• [TASK REQUIREMENTS]: Please count the lines in these records that contain "Black" and give only that count.

Extracted records
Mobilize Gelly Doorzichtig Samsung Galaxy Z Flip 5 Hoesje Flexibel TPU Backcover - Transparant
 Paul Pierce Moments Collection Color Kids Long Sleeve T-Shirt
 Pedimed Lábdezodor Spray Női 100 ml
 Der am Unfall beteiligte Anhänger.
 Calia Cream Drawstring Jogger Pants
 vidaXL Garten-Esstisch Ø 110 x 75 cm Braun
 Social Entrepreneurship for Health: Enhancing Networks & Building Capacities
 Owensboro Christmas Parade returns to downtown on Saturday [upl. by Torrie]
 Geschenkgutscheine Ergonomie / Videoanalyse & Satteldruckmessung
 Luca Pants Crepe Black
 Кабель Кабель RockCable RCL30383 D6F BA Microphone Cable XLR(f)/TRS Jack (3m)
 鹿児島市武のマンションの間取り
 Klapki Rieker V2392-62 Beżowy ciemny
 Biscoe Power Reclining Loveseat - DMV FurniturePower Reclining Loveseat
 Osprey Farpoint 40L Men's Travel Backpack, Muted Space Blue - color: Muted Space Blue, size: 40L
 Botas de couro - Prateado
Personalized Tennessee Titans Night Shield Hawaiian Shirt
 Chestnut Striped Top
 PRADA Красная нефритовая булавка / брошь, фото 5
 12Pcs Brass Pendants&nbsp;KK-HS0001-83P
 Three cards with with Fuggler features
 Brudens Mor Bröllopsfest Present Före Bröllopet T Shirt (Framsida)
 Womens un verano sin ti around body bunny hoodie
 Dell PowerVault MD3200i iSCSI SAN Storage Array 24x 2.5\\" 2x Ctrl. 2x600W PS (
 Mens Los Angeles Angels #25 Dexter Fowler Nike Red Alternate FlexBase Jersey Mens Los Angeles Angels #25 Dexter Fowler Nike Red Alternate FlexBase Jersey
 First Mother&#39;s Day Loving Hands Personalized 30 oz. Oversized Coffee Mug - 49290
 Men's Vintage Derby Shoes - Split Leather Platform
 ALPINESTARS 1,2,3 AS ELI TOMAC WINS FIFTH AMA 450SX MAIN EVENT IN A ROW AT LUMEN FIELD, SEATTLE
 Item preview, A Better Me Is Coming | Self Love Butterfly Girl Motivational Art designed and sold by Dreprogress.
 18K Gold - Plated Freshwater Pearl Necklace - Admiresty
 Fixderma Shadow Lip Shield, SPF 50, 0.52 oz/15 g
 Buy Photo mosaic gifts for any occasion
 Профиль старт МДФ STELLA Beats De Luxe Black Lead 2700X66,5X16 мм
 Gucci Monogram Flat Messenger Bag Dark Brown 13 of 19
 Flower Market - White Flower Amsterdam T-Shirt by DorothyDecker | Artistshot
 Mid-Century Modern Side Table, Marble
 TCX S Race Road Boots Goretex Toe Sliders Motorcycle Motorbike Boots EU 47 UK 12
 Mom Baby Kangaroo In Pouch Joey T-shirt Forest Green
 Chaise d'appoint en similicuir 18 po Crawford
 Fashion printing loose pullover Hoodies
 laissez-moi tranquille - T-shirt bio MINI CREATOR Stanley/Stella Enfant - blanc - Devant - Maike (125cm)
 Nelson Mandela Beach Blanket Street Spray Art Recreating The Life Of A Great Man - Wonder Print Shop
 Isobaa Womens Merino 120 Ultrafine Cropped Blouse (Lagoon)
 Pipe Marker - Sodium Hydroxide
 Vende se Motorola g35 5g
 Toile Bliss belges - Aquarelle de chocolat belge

• [ANSWER SECTION]: 2